• [Goal of the exercise]: Please reproduce all of the data exactly as it appears, but skip the pictures.

Exercise data Start Marker

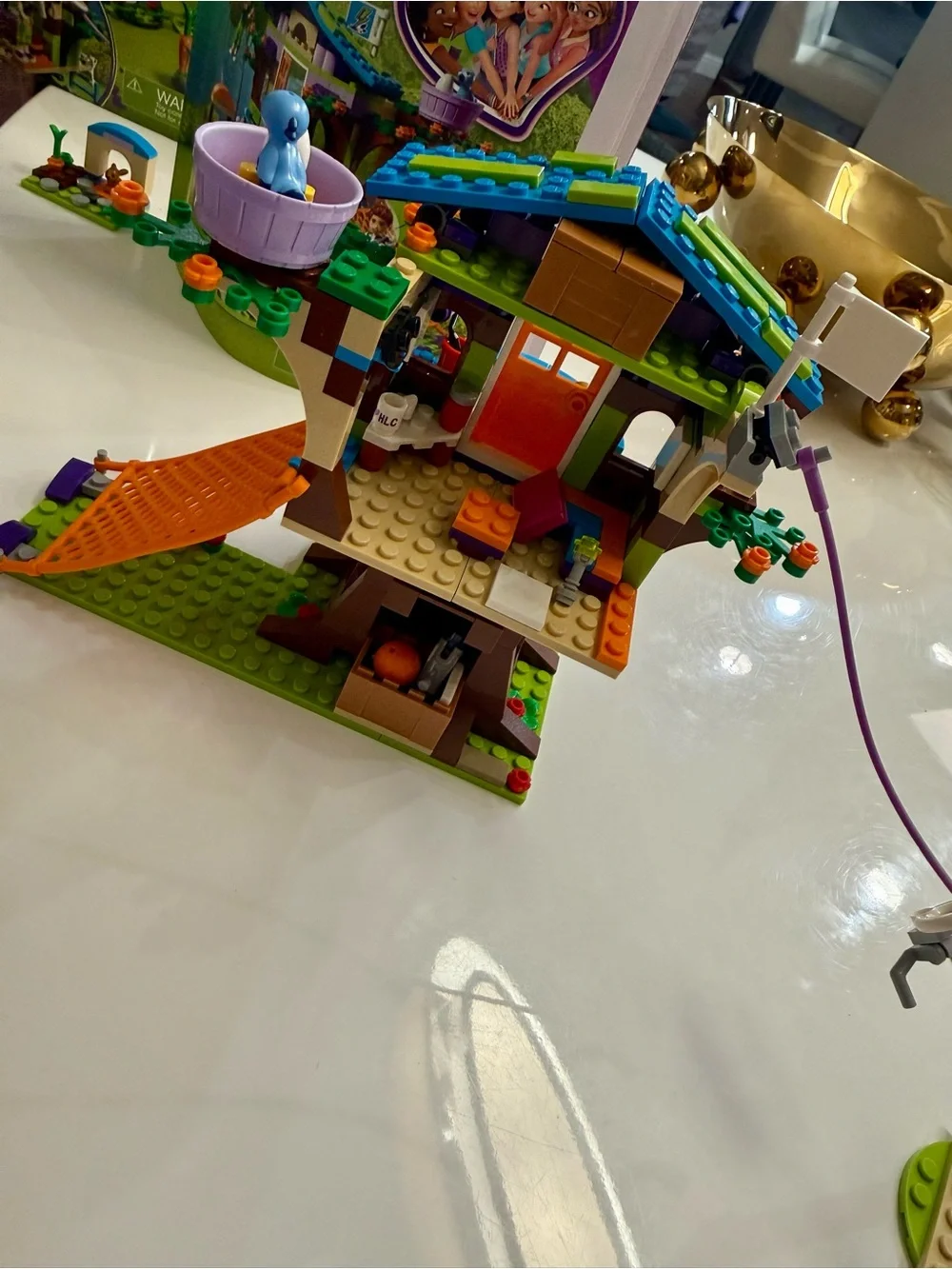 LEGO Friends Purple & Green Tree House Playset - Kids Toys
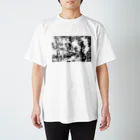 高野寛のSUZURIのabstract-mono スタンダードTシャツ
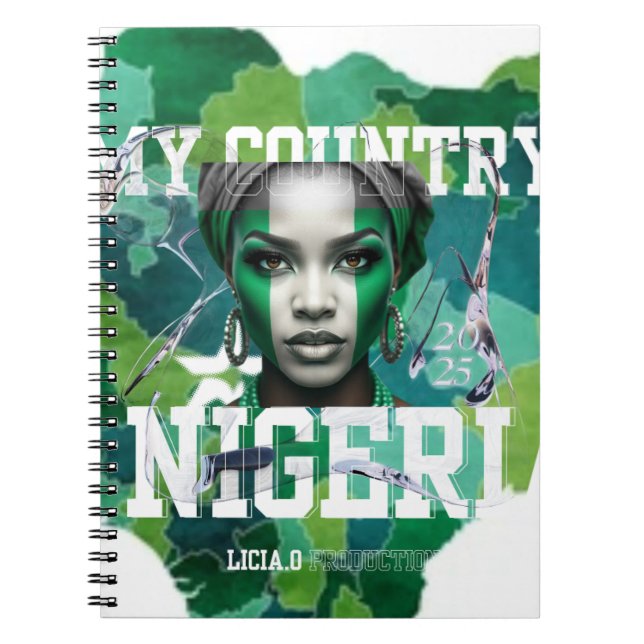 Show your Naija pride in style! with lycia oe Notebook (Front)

Exercise data End Marker

• [Answer for the task]:
 LEGO Friends Purple & Green Tree House Playset - Kids Toys
 高野寛のSUZURIのabstract-mono スタンダードTシャツ
 Show your Naija pride in style! with lycia oe Notebook (Front)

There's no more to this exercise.